My favorite tapa to order any time I go to a tapas restaurant is Patatas Bravas. Everyone at the table always loves them, making them a good choice especially with picky eaters. How can you really go wrong with fried potatoes with dips? My favorite patatas braves were at a small restaurant in Salamanca near Plaza Mayor. They came with two sauces. Often, they only come with one sauce, but I like the two distinct flavors. Sometimes the red sauce is like a homemade ketchup, sometimes it is actual ketchup, but my favorites have a paprika sauce called Pimenton sauce. The white sauce is aioli. Some places just put out some regular mayonnaise, while others go with homemade aioli. I like the homemade aioli best.
My version of patatas braves is exactly what I love in the dish. The crispy fried potatoes are double fried. The first fry is meant to cook them the whole way through at a lower temperature. The second fry is a higher temperature to add color and crispiness. Immediately after removing the potatoes from the second fry, salt them.
I like to serve all the potatoes and both dips on a big plate so everyone can share. I like to combine the dips together. This is a fun, easy, delicious appetizer for any get together.
Prep Time: 1 hour
Cook Time: 15-20 minutes
Ingredients (6-8 servings)
- 2 egg yolks at room temperature
- 1/2 teaspoon salt
- juice 1 lemon
- 6 cloves roasted garlic
- 2/3 cup extra virgin olive oil
- 1 1/3 cup light tasting oil
- 1 tablespoon olive oil
- 1/2 onion, diced
- 2 cloves garlic, minced
- 1 tablespoon smoked paprika
- 1 tablespoon sweet paprika
- 1 tablespoon half-sharp paprika
- 1 tablespoon flour
- 1 bay leaf
- 1 cup water
- salt to taste
- Ice Water
- 6-8 potatoes
- Oil for frying
In a food processor, add the egg yolk, salt, lemon juice, and garlic.
Turn on low and slowly drizzle in oil in a steady stream until it is all incorporated.
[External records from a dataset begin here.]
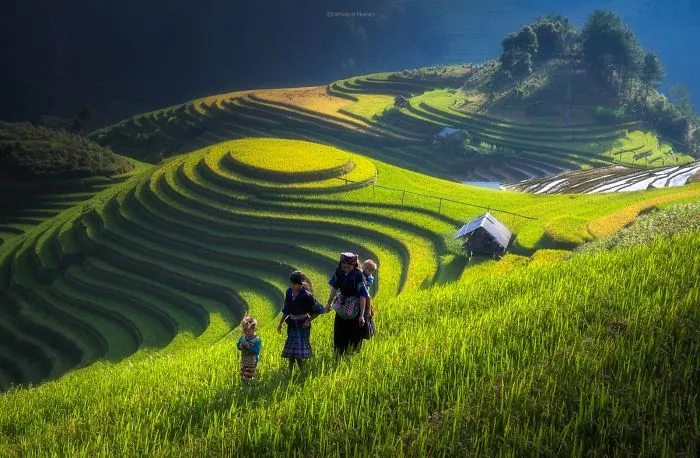47 Hypnotizing Rice Fields That Look Like Broken Glass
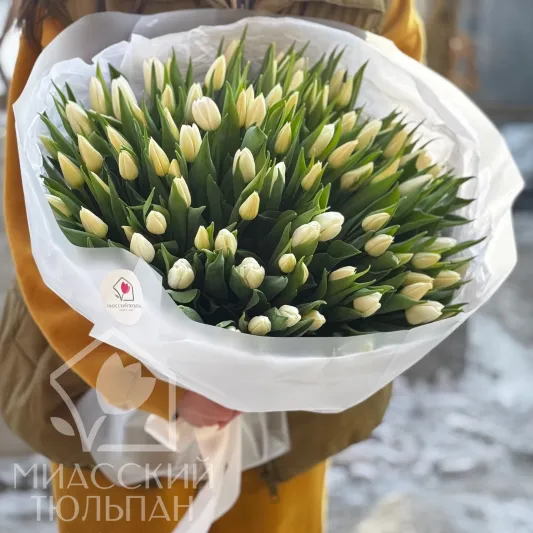 101 тюльпан 😍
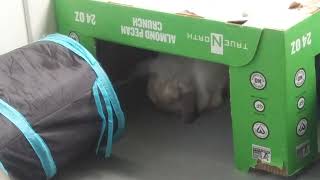 Cute Rayne Flop Eared Rabbit Bunny Carefully cleaning her Fur!!! by Rayne Rabbit Adventures 27 views 2 months ago 49 seconds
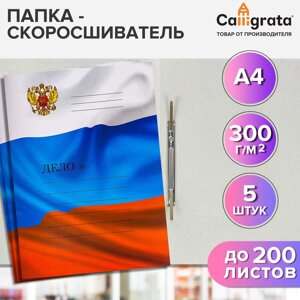 Набор скоросшивателей 5 штук, Calligrata "Дело", 300г/м2, до 200 листов, картон мелованный, трикалор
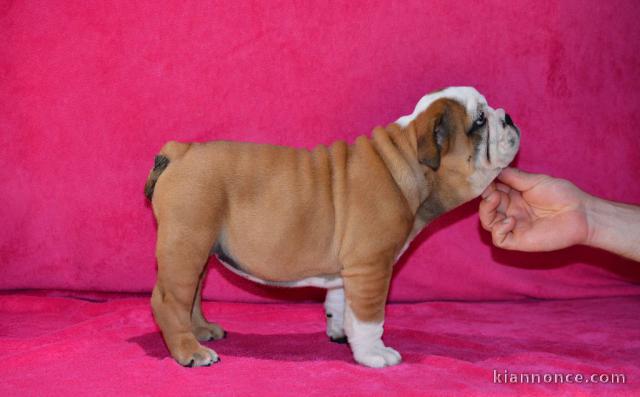 Donnes chiot bulldog anglais femelle et mâle vaccinée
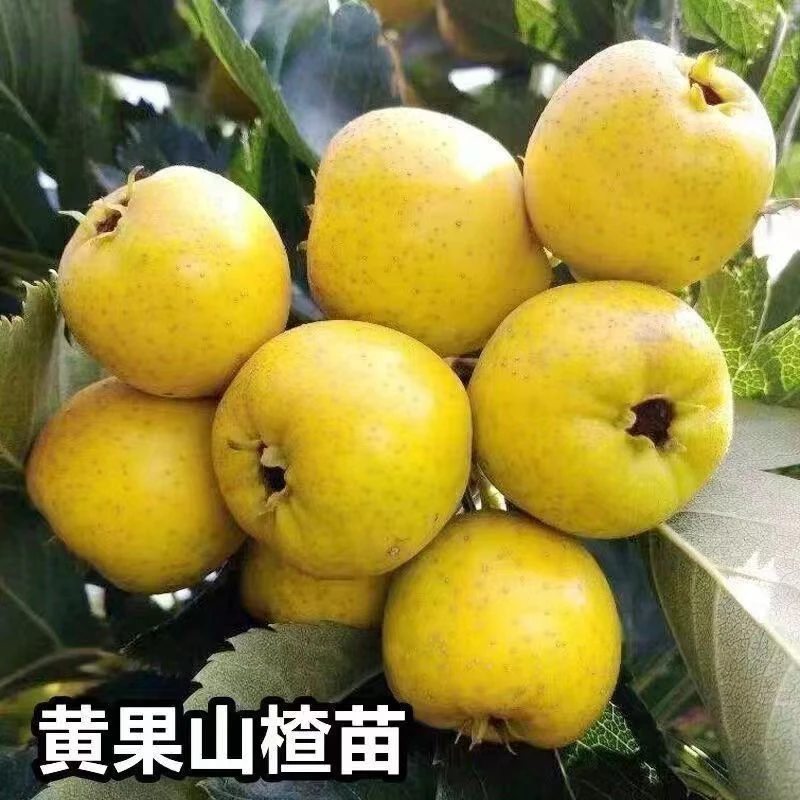黄山楂树苗嫁接新品种南北方可种植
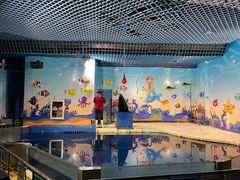 -太平洋海底世界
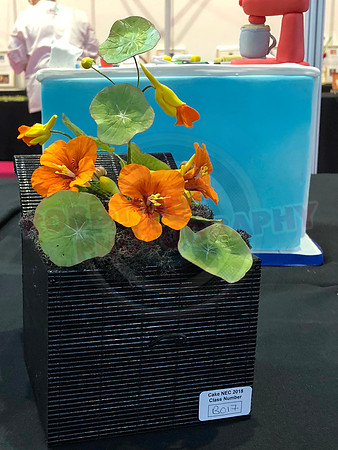 Class B: Floral Sugar Craft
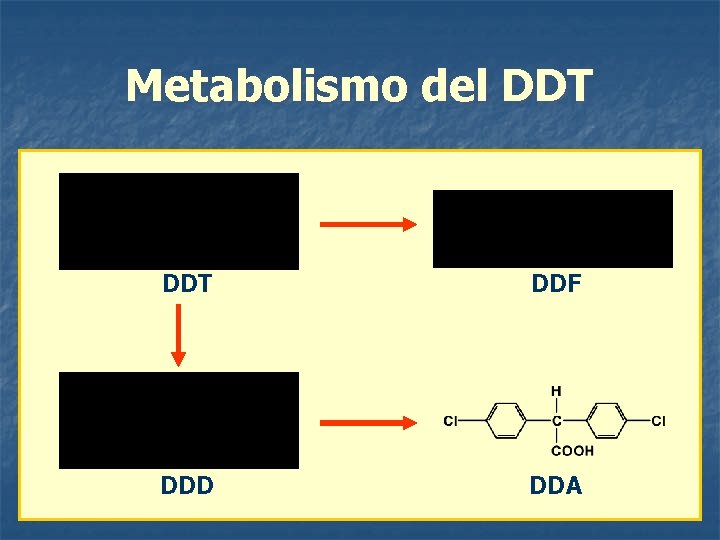 Metabolismo del DDT DDF DDD DDA 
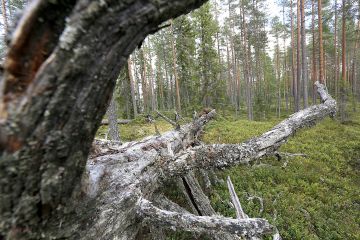 Kivijärvellä Keski-Suomessa sijaitseva vanhan metsän alue on suojeltu Metso-ohjelman avulla pysyvästi. (Kuvaaja: Sami Karppinen)
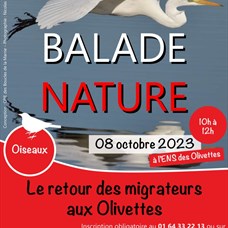 Le retour des migrateurs aux Olivettes ©Conception : CPIE Boucles de la Marne - Photographie : Nicolas Boudereaux
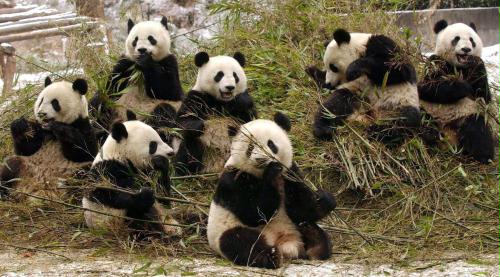 Giant Pandas, China.jpg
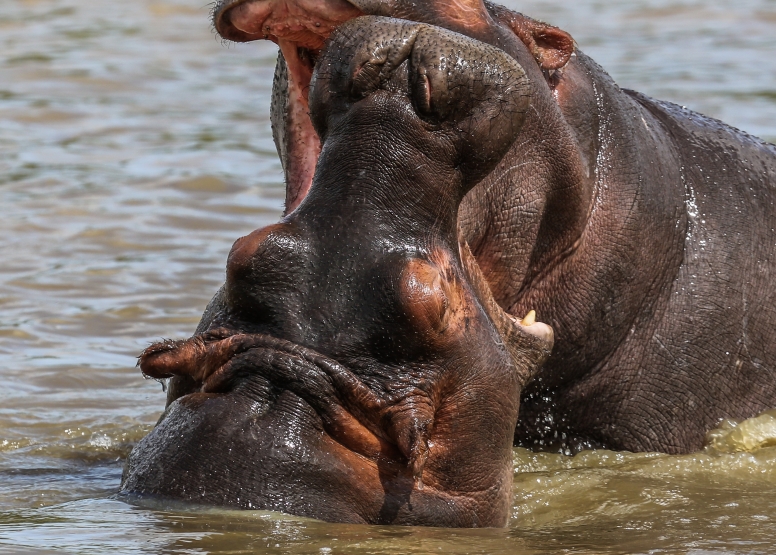 Hippo & Croc Boat Cruise image 8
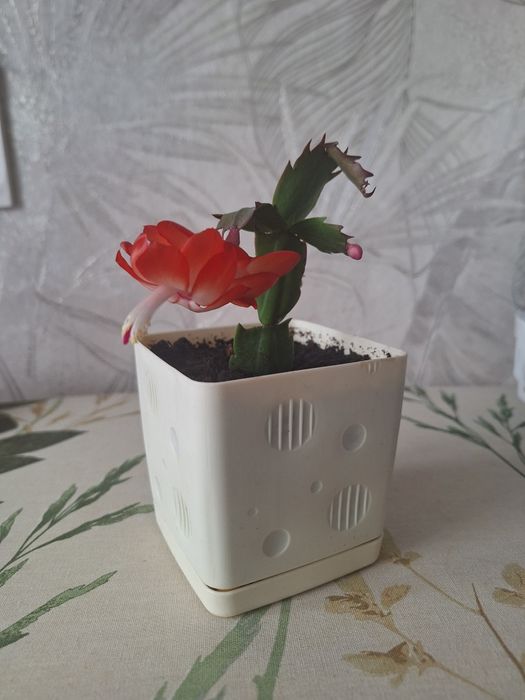 Декабрист (шлюмбергера)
It should be thick.
Remove from the food processor and store in a container with a lid.
Serve with hot potatoes.
In a small pan, heat the olive oil and cook the onions until translucent. Add the garlic and cook an additional minute. Add the paprikas and flour. Cook 1-2 minutes to cook out the raw taste of the flour. Add the water and the bay leaf. Simmer about 10 minutes until thick. Salt to taste. Allow to cool.
When cool, blend in the blender until smooth.
Serve with hot potatoes.
Cut the potatoes into small chunks. Soak in ice water for 30-60 minutes to remove some of the starch.
In a heavy, high wall pan, add 2-3 inches of oil. Heat oil to 325. Add potatoes in small batches. Cook until tender. Remove from the oil and drain on a paper towel lined plate.
When all potatoes have been cooked once, heat the oil to 375. In small batches, cook the potatoes until they are brown and crispy. Remove from the oil and drain on a paper towel lined plate. Salt to taste.
Serve hot with pimenton sauce and aioli.